Halloween reads: Stephen King’s Holly – Silence of the Lambs meets Misery

Bill Hodges told Holly once that a case was like an egg. 'Most cases are fragile, the way eggs are fragile. Why? because most criminals are dopes. ...So you treat a case like an egg. You crack it, you beat it, you put it in a pan with some butter. Then you make yourself a nice little omelet.'

Holly

When a librarian (!) goes missing, Holly Gibney, a favourite character from Mr Mercedes, Finders Keepers, End of Watch, The Outsider and If It Bleeds, gets on the case.

Set during the Covid pandemic, (there's been trend in pandemic-based books this year), and the time of Trump the Chump, this book is 'all Holly', says King.

Holly's very much on her own, which is a mixed blessing.

Her friend and mentor Bill Hodges (we loved Bill Hodges!) passed on some time ago. Her new partner in crime, ex-cop Pete, is struggling with long Covid. Jerome has swanned off to New York to sign a publishing deal on his own book, while his sister Barbara, now a senior in school, is secretly pursuing a prize of her own - poetry.

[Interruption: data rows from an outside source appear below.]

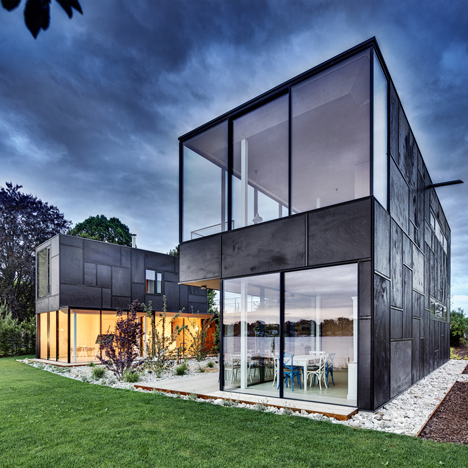 Lakeside holiday home by Maximilian Eisenköck has gridded blackened-timber walls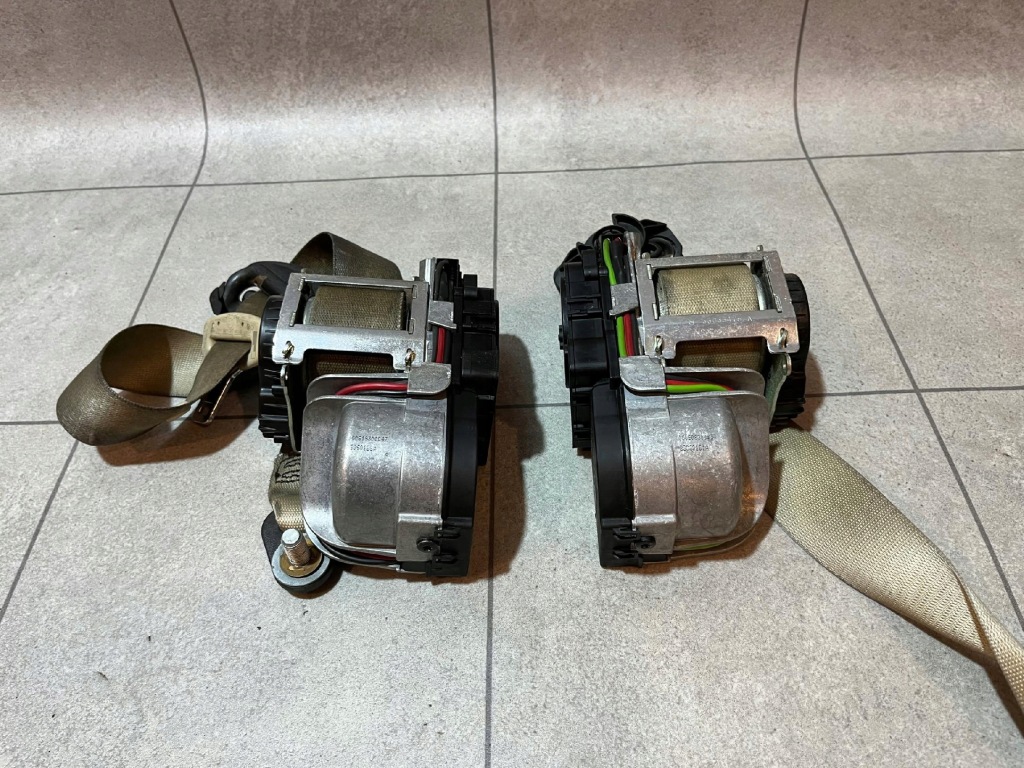 фото №1, Mercedes w221 pas натягувач перед чорний bdb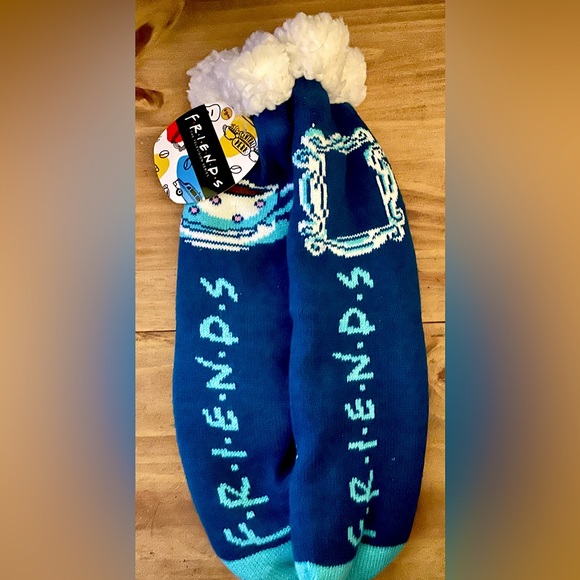 NWT • Unisex • Warner Bros. TV • FRIENDS • Central Perk • Sherpa Socks - Picture 3 of 4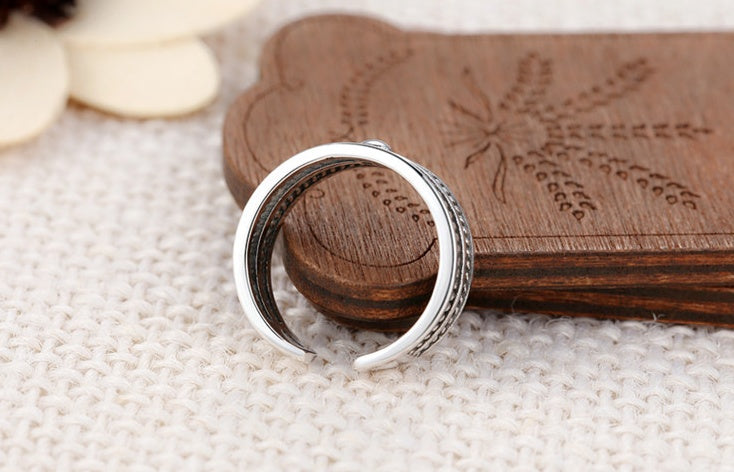 Elegant Twisted Copper Ring Unisex Jewelry With Timeless Intricate Design For Women And Men For Everyday Style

Holly's called in by a very desperate mom to find her daughter. Penny Dahl is a woman whose control over missing twenty-something Bonnie resembles that of Holly's own mother. Charlotte Gibney has only just passed away from Covid, and Holly is reluctant, almost unable to take the case. Until she gets her teeth into it.

King makes the character of the overbearing mother so convincing; I wonder if he had one? 

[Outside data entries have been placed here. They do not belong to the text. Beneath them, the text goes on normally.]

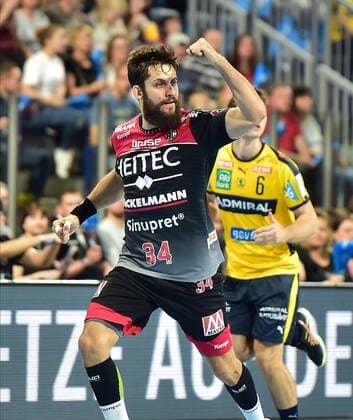 13.10.2019 - Handball - 1. Bundesliga DKB HBL - Saison 2019 2020 - 09.Spieltag: HC Erlangen Metropolregion Nürnberg HCE - Rhein-Neckar Löwen - OGo - Quentin Minel (34, HC Erlangen HCE ) Jubel Freude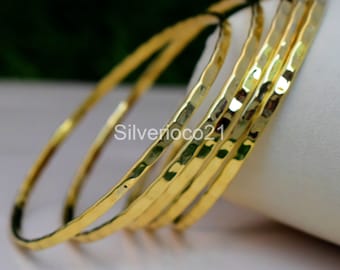 Set of 5 bangles, Solid Brass Bangles Set For Woman, Hammered bangles Stacking Bangles 5 Day Bangles, Birthday Gift Brass Jewelry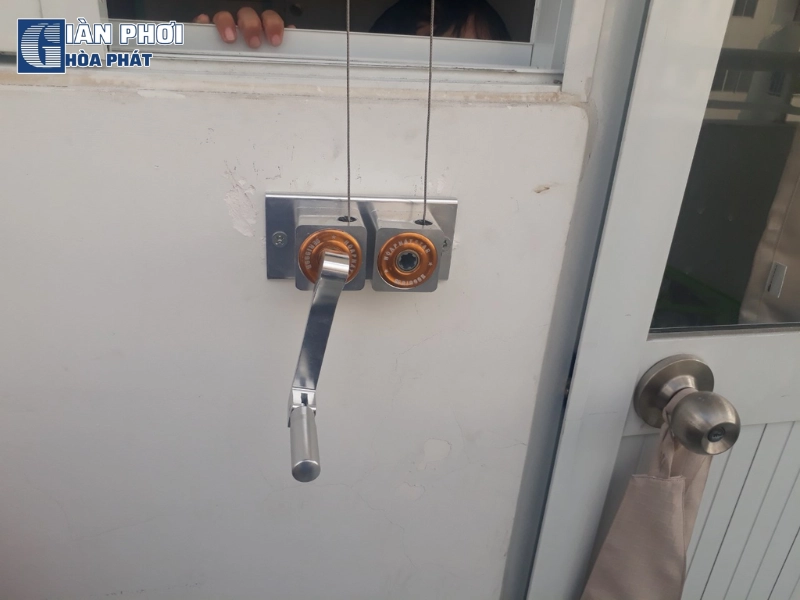 Dịch vụ sửa giàn phơi bung ốc vít nở tại Giàn Phơi Hòa Phát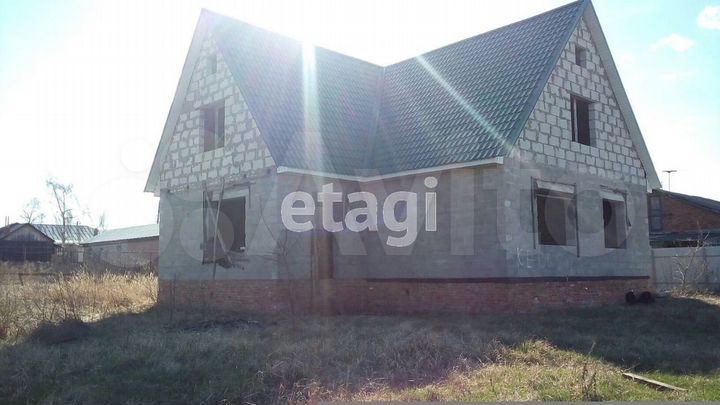 Дом 200 м² на участке 12,6 сот.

Two elderly cannibals raise the bar in this Finders Keepers story. Holly's instincts and sympathies prick her into joining the dots, unearthing enough missing persons to form an unsettling pattern. Others have gone missing in the same place over the years. People with little or no family to keep tabs on them.

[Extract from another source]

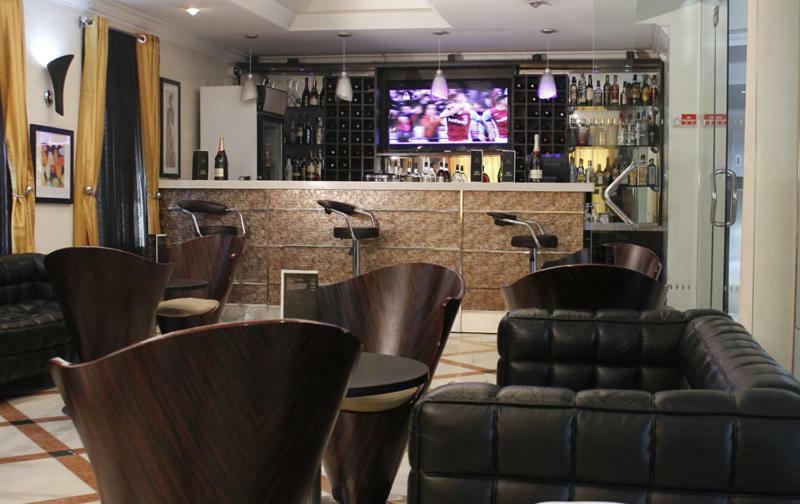 Morning Side Suites Aliayabiagba Екстер'єр фото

King is skilled at characterisation. It's one of the things that draws me to his stories. In Holly, he fleshes his characters out to the extent that the reader feels they know them well enough to share their pain and grieve for them. I loved the character of Olivia Kingsbury, Barbara's mentor. She reminded me of Mother Abigail, from The Stand.

What, or who is the connection? Is someone profiling the missing people?

Holly is a slow burn, as detective stories often are. It's an ominous read with some quite yuck moments, which gains speed as Holly hurtles towards a startling conclusion. It gets pretty nail biting as both Barbara, and Holly, come under the killers' radar. Will one of them become the Red Park Predator's next victim?!

King has much to say about the pandemic (he's pro-vax) and Donald Trump (he's anti Trump), but he's not 'soapboxing' as he says in the book's appendix - it sets up the story in context; the police in Holly's hometown are severely understaffed. King's text, he says, relates both points of view on both topics.

He also says that the science behind the killers' motive; that eating human bits can stave off dementia, or cure sciatica, is bogus. Lol. That's good, because I have sciatica and I began to wonder...

There are some great one-liners in the text, and aged serial killer Roddy Harris is darkly funny:

Holly thinks, I am speaking to an authentic mad scientist.

'Lysine cures anxiety! Lysine heals wounds! The liver is a lysine treasure-chest! It also revitalizes the thymus gland, which creates T-cells! '

Emily Harris is frightening as Roddy's harrying wife, driving him to make his theories real, to cure her bad back. She brings Annie Wilkes from Misery to life again.

Consuming people seems to be a King thing. A lot of his later writing, bar Fairytale and The Outsider, has focused on how monstrous humans can be, without the supernatural element.

Just when you think you've seen the worst human beings have to offer, you find out you're wrong. There's no end to evil. 

But King, and Holly, believe in providence. The intervention of a higher power. SK refers to it as 'the universe throwing a rope.'

(Holly) likes to think there's a kind of providence at work in matters of right and wrong, blind but powerful, like that of Lady Justice holding out her scales. That there's a force in the affairs of men and women standing on the side of the weak and unsuspecting, and against evil.

I Loved it! But it was ooghy (Holly's word). It was good to revisit these characters; in my humble opinion their creator still has his creepy mojo.

Stephen King just celebrated his 76th birthday. He says he's as old as the trombones in the parade.